======== RECORDS TO USE

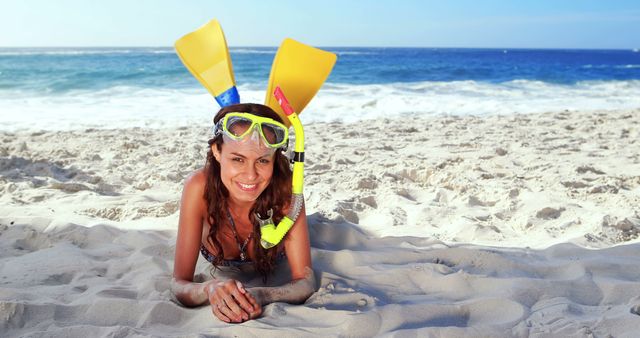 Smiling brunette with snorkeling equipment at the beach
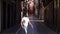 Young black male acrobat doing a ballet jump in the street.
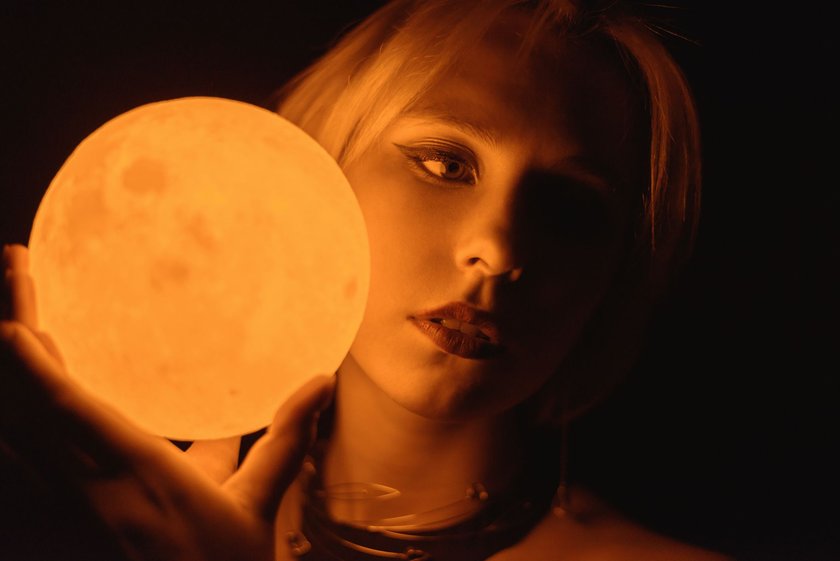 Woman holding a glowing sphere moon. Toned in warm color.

================
======== RECORDS TO USE

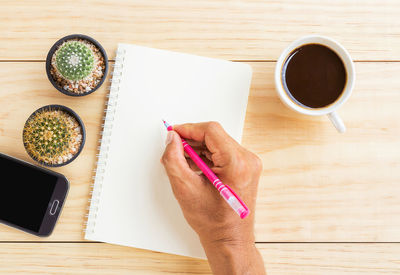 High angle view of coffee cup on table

================

WORK ORDER
Look above for the line with "Smiling brunette with" and the line with "Woman holding a", then restate exactly those two lines and all lines between them, with no pictures.

ANSWER TO THIS PROBLEM
 Smiling brunette with snorkeling equipment at the beach
 Young black male acrobat doing a ballet jump in the street.
 Woman holding a glowing sphere moon. Toned in warm color.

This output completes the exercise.